Defendants misrepresent this aspect. They simply "suggest, a cooler simply does not implicate the First Amendment." Defts' Reply, pg. 9.

Plaintiffs agree, but, as is obvious from the words "actions ... illustrate a continuation of the same pattern and practice," they don't make that assertion. It is uncontested that (1) the cooler had been at the vigil for years, (2) Park Service regulations provide "a person in Lafayette Park may have literature, papers, food, clothing, blankets and a reasonable cover to protect such property" (36 C.F.R 7.96(j)(2)), and (3) plaintiff had a permit. Complaint, Exhibit 3.

It appears that plaintiffs' fourteen-plus year old vigils have achieved the near status of a First Amendment landmark, likely to be understood by visitors from around the world. The caption under a photograph of plaintiff Picciotto, published in the Berlitz Travel Guide (1991) states, "It is the right of every American to set up stand and make a point in Lafayette Square." Plaintiffs' Third Motion for Sanctions, February 9, 1995 Exhibit 2-C.
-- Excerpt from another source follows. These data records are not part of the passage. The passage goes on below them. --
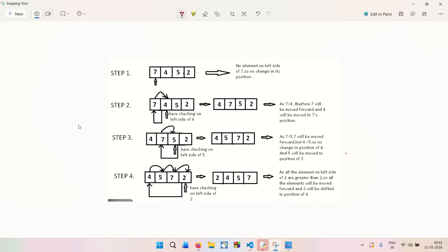In the previous video we learned about bubble sort and how elements slowly move to their correct position. Today we are going to talk about another sorting algorithm called insertion sort. This is one of the most simple, intuitive, and real-life inspired sorting algorithms. By the end of this video we will understand how insertion sort works, why it works, and when to use it.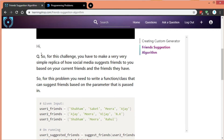So let's look at the question at hand. The challenge for this video is to make a very simple replica of how social media platforms like Facebook, Twitter, and Instagram suggest friends to you based on your current friends and the friends that they have. So let's say you're my friend and you have some other friends — it's probably a good idea to suggest me the friends that you have which are not already in common with me.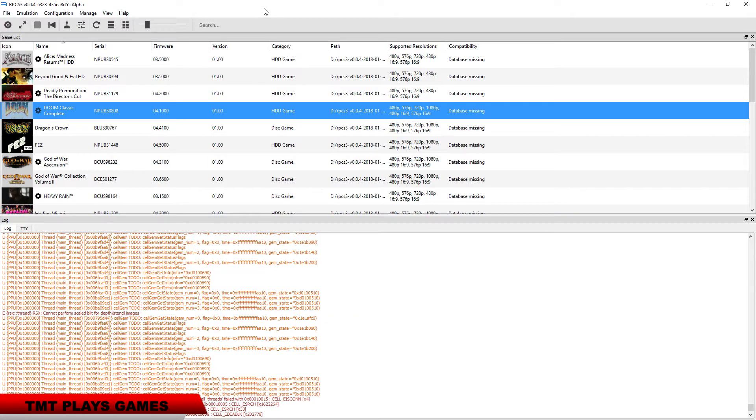What's happening guys, MasterTurkey here. We're gonna try checking out Doom Classic Complete Edition. This is the downloadable or PSN version.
In this sense plaintiffs might easily be appreciated as an example of "what makes America great." For law enforcement agents to arbitrarily persecute individuals who have dedicated their lives to symbolizing the highest ideals of this nation is an intolerable error. If there were any indication that plaintiffs were engaged in activities that threatened some person, property, or legitimate government interest, this case would be much easier. As it is, however, defendants have shown no such concerns in this case, thus defendants' actions must be viewed as a serious and unacceptable threat to the most sacred and ancient principles of our country.

"The extraordinary nature of these charges makes this an easy case. Whatever authority the Government may have to interfere with a group engaged in unlawful activity, and however it may be permitted to impede or deter rights of lawful association as a by-product of legitimate Government actions, it is never permissible to impede or deter lawful civil rights/political organization, expression or protest with no other direct purpose and no other immediate objective than to counter the influence of the target associations." Hobson v. Wilson, 737 F.2d 1, 27, emphasis in original, see also, Dombrowski v. Pfister, 380 U.S. 479, 482.

Accordingly, summary judgment is appropriate as to COUNT FIVE of plaintiffs' complaint.

COUNT SIX

In COUNT SIX of their complaint, plaintiffs allege,

"defendant Robbins and other defendants in supervisory capacity have placed freedom of thought and expression, plaintiffs, the general public, and Marcelino Corneil in particular, in danger by failing to properly oversee a well-armed police force, although they knew, or should have known, of extra-legal conflicts by their subordinates toward demonstrators and others in the Park."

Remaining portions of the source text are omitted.